***** Data section

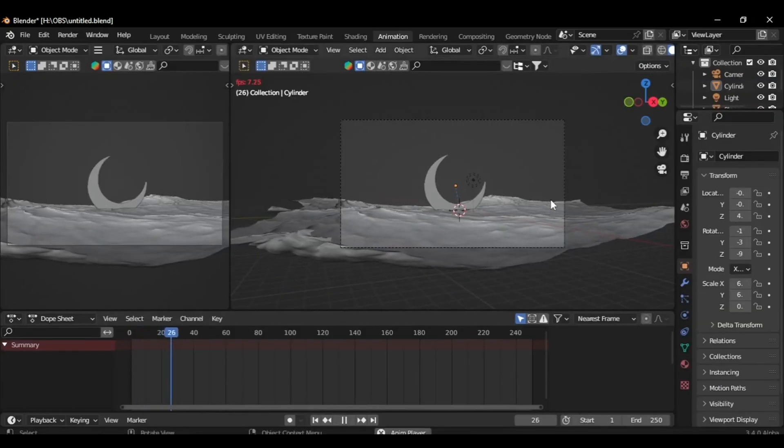Download the image link in this video description. Now, link the image to the emission input of the ocean material. Take some time to experiment with the emission strength until you achieve the desired visual effect. Afterward, you can render this as an MP4 or any preferred format that suits your needs best.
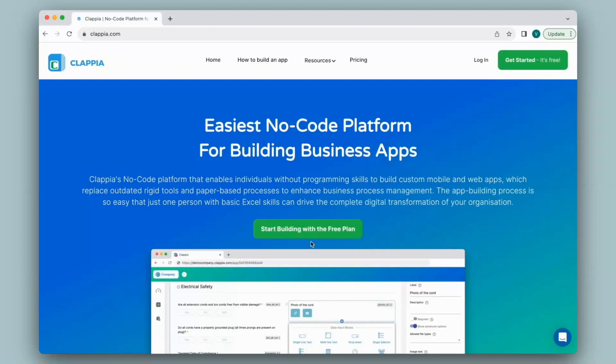Hi and welcome to Clapia. In this video we will see how to integrate your Clapia apps to external platforms such as SAP, Oracle, or ERP platforms with the use of APIs. All these services have APIs which Clapia can integrate with. This is useful for maintaining data for your organization's internal purposes.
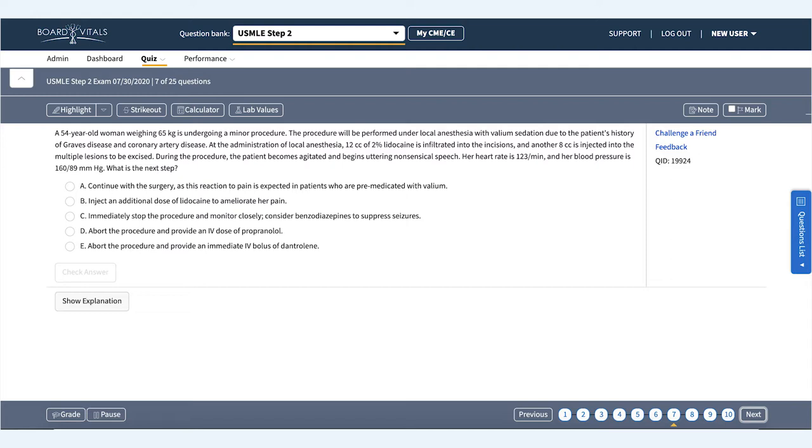Another 8 cc's is injected into the multiple lesions to be excised. During the procedure, the patient becomes agitated and begins uttering nonsensical speech. Her heart rate is 123 beats per minute and her blood pressure is 160 over 89. What is the next step?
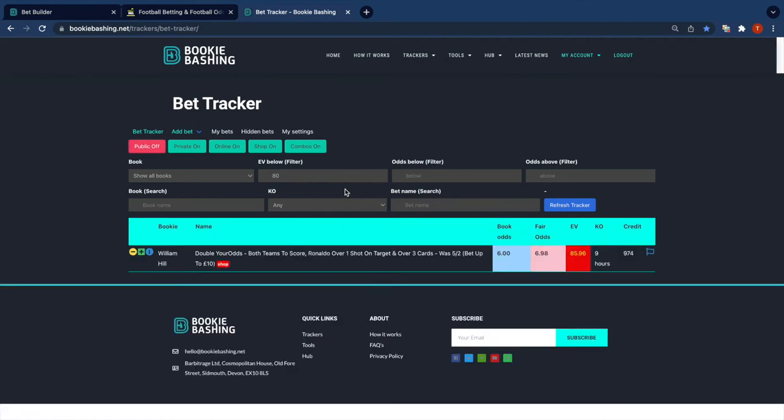So I've only got one bet. This is my private bet and I see that back odds of six, fair odds of 6.98. Nobody else can see this. It's just sitting in my private tracker and I can monitor this over the day.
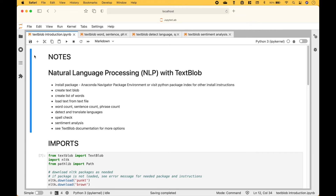Welcome back! In this Python tutorial we're going to go over how to get started with natural language processing with the TextBlob package. This is what we're going to cover. First we'll go over how to install the package, and for this example we use the Anaconda Navigator package environment, or visit the Python Package Index for other install instructions.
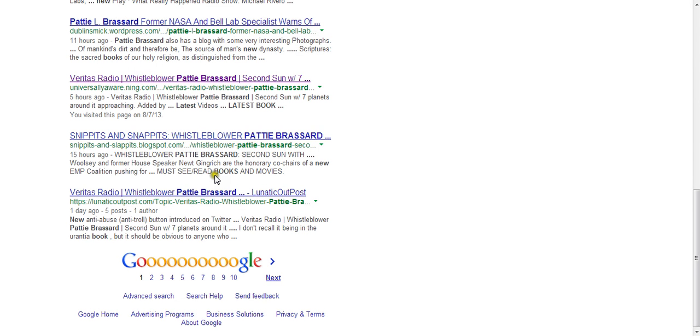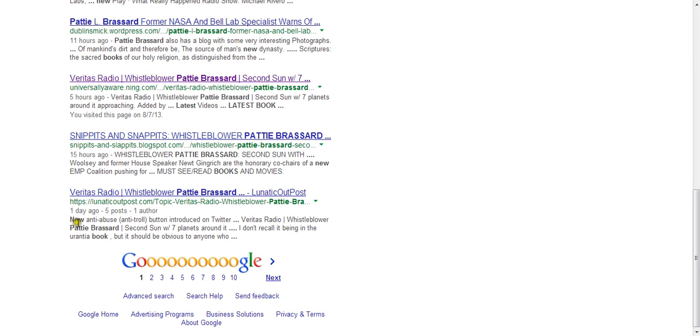I don't recall it being in the year something book, but it should have been obvious to anyone. I mean they were talking to her, and I've also discovered that there's another author with her same name.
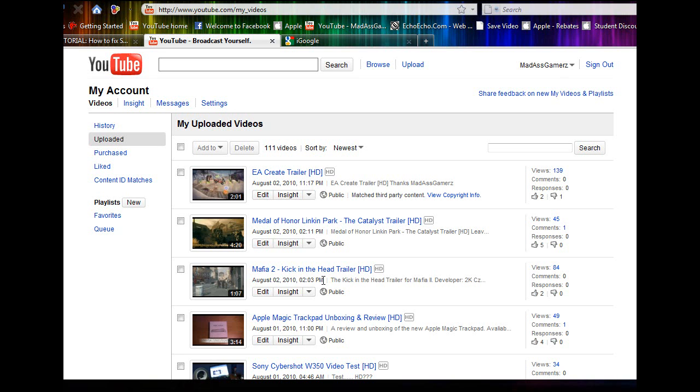Hey guys, Madhouse Tutorials here. In this video I'm going to be showing you how to make your YouTube videos widescreen. All that involves is entering a simple code in the tags section of your video. I'm going to show you how to do that now.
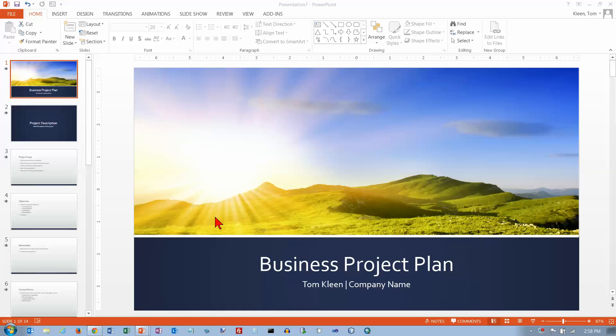In this video, we're going to take a look at headers and footers. The way you do headers and footers in PowerPoint is pretty similar to the way you do them in Word. Let's go to the Insert tab.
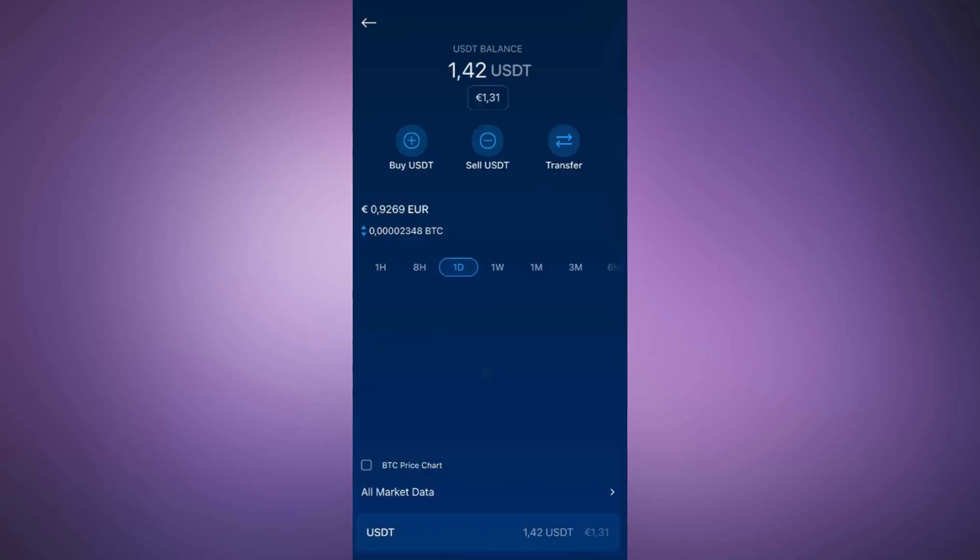Next, choose the cryptocurrency you want to transfer to your Ledger Flex. For this example, I will use USDT. Make sure you have enough of it in your Crypto.com account.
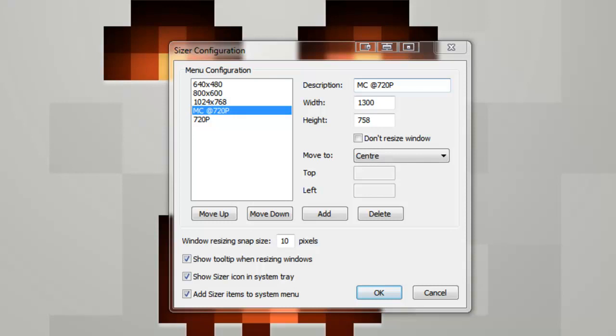Once that's done, you can use it for apps or whatever you want to record. I personally use it for recording apps.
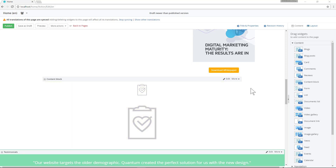One additional note is that Sitefinity 10 provides out-of-the-box protection against malicious scripts that can potentially be added to your SVG images.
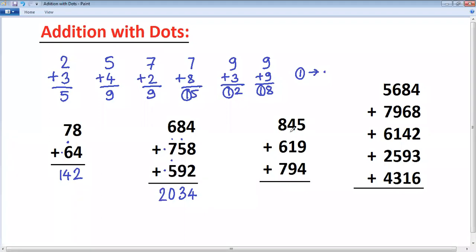Next example. 5 plus 9 is 14, so put dot, take 4. 4 plus 4 is 4. 4 plus 1 is 5. 5 plus 1 is 6. 6 plus 9 is 15, so put dot, take 5.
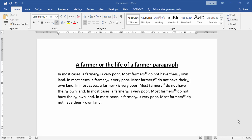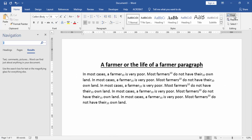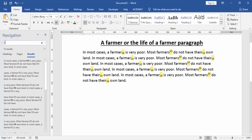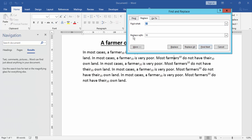Now we want to remove all subscript and superscript at once. Go to the Find option and find all subscript and superscript. Then go to the Replace option, and in the replace with dialog box write nothing.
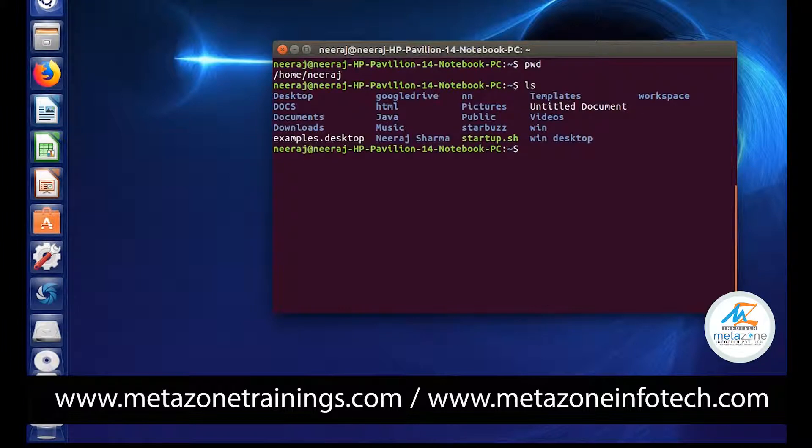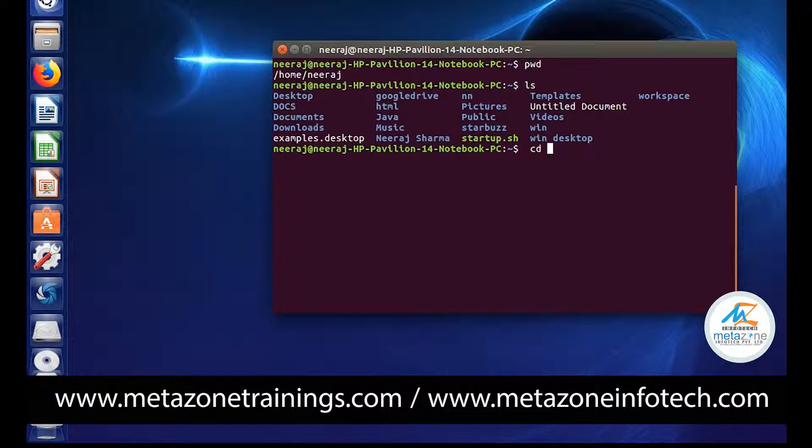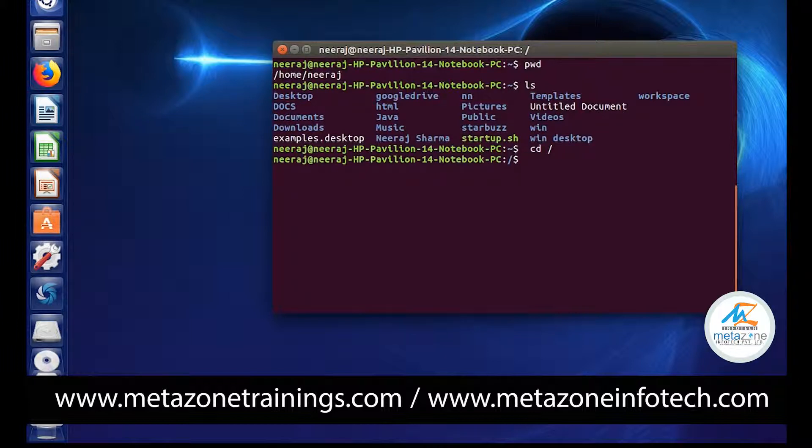Suppose I want to move directly to the root. What can I do? I can use cd space and root. Just press enter. Root means forward slash. Just press enter and you will be on the root.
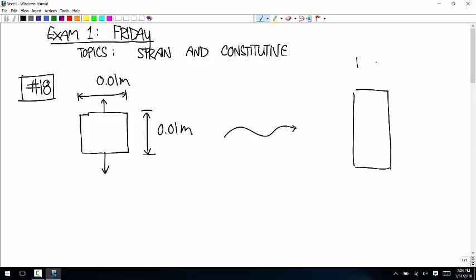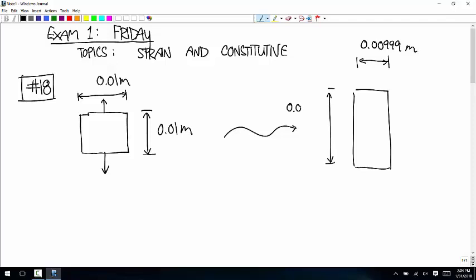This thing is a rectangle. And this length is 0.00999, and the height is 0.01005 meters. And we need to know the load.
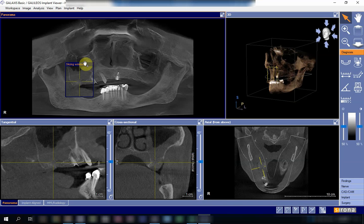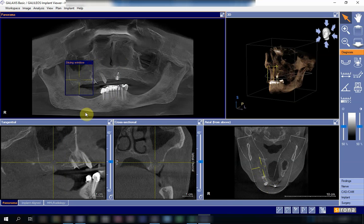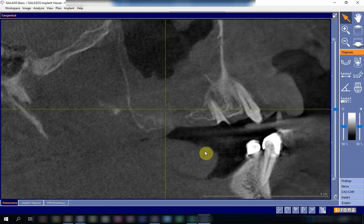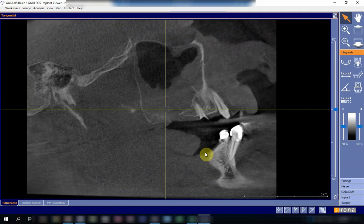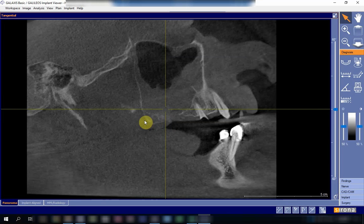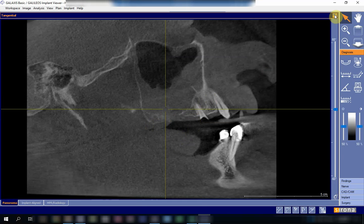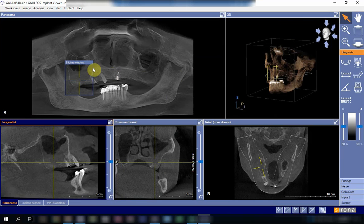Looking at this patient, the alveolar bone appears to have been resorbed. It seems that the teeth were extracted a long time ago, which is evidenced by the resorption of the alveolar process. This resorption leads to approximation of the floor of the maxillary sinus to the alveolar bone and hence to the oral cavity, which increases the risk of oral antral communication.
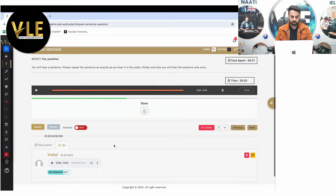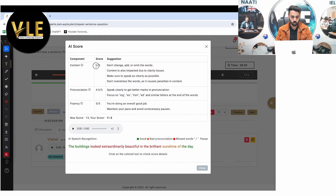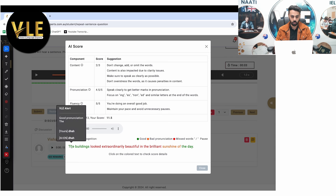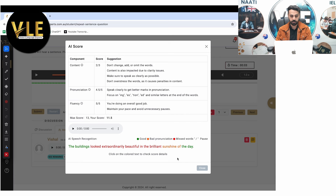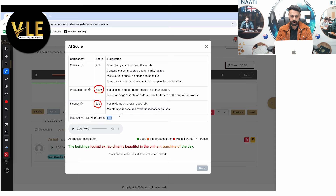For example: 'The buildings looked extraordinarily beautiful in the brilliant sunshine of the day.' A student might only capture: 'The building looks sunshine to the day.' This is where students struggle — they only capture a couple of words and lose marks. If you submit that, the maximum you get is around two out of three for content. But you can still get full marks for fluency and almost full marks for pronunciation, even with just three to four words, as long as you speak them fluently and clearly.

**********

#### Task instructions
All that is wanted is the lines above between the one containing "Once that's done, you" and the one containing "Next example. 5", inclusive, restated word for word, with pictures omitted.

#### Answer for the task
Once that's done, you can use it for apps or whatever you want to record. I personally use it for recording apps.
One additional note is that Sitefinity 10 provides out-of-the-box protection against malicious scripts that can potentially be added to your SVG images.
Next example. 5 plus 9 is 14, so put dot, take 4. 4 plus 4 is 4. 4 plus 1 is 5. 5 plus 1 is 6. 6 plus 9 is 15, so put dot, take 5.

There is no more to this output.